To comprehensively examine both inter- and intrastate variations in Medicare's cost-rate structure for teaching hospitals and to assess the Medicare payment system for graduate medical education (GME), as presently configured, as an instrument to promote physician workforce reform, specifically sufficient public access to primary care physician services.


Using Public Use Files of hospital cost reports from the Health Care Financing Administration for fiscal year 1997, 648 hospitals that met inclusion criteria for moderate GME volume were identified. The average and range of direct costs of resident training were computed for these teaching hospitals to illustrate differences within and between the 45 states that had at least two teaching hospitals that qualified for comparison. The cost rate upon which direct medical education (DME) payments are based was then correlated with the percentage of a state's counties that were wholly designated primary care health personnel shortage areas (PCHPSAs) in 1997 and with its primary care physician-to-population ratio, as determined from the Area Resource FILE:


Variations in inter- and intrastate DME costs exist.
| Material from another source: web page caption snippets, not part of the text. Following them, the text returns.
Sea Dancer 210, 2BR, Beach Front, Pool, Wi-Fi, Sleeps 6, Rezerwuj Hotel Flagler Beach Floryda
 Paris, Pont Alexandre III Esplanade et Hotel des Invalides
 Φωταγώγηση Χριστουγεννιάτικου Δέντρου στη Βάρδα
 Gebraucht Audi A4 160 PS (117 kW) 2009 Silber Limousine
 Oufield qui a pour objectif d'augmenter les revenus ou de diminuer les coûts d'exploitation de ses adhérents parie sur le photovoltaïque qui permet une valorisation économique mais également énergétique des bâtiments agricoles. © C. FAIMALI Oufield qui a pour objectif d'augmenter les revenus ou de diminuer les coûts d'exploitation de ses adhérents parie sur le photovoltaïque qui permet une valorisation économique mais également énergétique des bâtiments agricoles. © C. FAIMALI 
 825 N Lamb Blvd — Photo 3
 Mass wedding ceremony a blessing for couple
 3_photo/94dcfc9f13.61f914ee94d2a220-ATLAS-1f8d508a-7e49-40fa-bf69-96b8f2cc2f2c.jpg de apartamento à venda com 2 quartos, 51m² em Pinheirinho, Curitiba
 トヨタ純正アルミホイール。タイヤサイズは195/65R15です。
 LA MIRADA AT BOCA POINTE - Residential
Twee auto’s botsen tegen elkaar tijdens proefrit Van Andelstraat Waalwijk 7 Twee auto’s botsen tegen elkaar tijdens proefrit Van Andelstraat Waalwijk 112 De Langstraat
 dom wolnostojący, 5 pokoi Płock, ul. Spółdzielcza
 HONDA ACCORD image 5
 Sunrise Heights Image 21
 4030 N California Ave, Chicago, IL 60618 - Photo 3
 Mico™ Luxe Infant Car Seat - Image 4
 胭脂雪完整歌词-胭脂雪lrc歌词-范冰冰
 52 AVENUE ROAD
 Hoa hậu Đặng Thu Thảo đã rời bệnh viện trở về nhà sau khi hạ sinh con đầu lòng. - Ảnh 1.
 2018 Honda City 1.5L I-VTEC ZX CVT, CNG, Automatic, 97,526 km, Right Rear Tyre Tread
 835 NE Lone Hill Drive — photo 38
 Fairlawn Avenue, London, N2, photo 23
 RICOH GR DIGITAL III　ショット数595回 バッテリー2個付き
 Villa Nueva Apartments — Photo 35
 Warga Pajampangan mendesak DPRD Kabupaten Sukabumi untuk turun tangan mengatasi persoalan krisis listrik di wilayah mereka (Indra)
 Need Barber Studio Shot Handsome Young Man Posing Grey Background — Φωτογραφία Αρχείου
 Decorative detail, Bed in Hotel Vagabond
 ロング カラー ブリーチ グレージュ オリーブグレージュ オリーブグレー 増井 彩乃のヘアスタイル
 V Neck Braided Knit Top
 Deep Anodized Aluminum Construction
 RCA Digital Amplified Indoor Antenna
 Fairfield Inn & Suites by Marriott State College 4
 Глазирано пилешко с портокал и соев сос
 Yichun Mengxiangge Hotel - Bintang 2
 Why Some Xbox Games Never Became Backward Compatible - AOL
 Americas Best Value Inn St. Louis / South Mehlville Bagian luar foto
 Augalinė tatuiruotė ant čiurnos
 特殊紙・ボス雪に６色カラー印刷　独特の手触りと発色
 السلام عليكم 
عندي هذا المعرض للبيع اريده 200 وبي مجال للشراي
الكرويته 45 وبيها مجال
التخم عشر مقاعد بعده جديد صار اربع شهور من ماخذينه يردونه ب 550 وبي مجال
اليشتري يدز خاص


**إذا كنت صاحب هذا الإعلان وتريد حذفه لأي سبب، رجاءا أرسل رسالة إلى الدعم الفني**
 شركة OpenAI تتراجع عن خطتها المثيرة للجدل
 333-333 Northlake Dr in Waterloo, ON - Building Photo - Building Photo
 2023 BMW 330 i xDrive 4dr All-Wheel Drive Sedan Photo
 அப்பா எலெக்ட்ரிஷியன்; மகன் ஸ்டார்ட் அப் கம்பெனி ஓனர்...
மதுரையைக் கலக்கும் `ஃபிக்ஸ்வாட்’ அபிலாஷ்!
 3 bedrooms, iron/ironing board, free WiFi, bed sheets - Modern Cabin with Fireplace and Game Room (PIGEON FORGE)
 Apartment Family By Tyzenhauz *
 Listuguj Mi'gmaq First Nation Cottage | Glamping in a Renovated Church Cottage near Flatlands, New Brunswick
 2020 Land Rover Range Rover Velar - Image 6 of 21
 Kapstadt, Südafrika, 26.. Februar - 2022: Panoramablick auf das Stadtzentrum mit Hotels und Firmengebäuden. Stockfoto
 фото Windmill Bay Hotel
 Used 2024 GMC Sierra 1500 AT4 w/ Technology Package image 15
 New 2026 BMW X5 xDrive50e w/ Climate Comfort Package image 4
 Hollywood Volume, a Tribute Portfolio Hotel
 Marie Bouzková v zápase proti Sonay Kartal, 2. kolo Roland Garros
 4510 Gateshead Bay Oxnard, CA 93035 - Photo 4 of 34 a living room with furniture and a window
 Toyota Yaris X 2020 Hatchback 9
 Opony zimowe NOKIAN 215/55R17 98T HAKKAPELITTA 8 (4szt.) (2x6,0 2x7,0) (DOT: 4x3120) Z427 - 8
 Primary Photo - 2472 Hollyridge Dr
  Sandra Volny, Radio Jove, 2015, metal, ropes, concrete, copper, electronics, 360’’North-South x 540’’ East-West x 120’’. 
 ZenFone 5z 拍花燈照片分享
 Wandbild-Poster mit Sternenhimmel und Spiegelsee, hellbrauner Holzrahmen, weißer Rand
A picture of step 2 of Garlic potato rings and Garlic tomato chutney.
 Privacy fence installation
In some states, the range in DME rates substantially exceeded the mean cost. DME funding policies are more generous toward teaching hospitals in states with greater primary care physician-to-population ratios and smaller proportions of counties wholly designated PCHPSAS:


Inherent inequities in DME funding seriously undermine the current Medicare GME payment system's capacity to contribute to U.S. physician workforce reform and to improve access to care. There is actually a financial incentive to train residents in areas in which there is relatively less need for their services.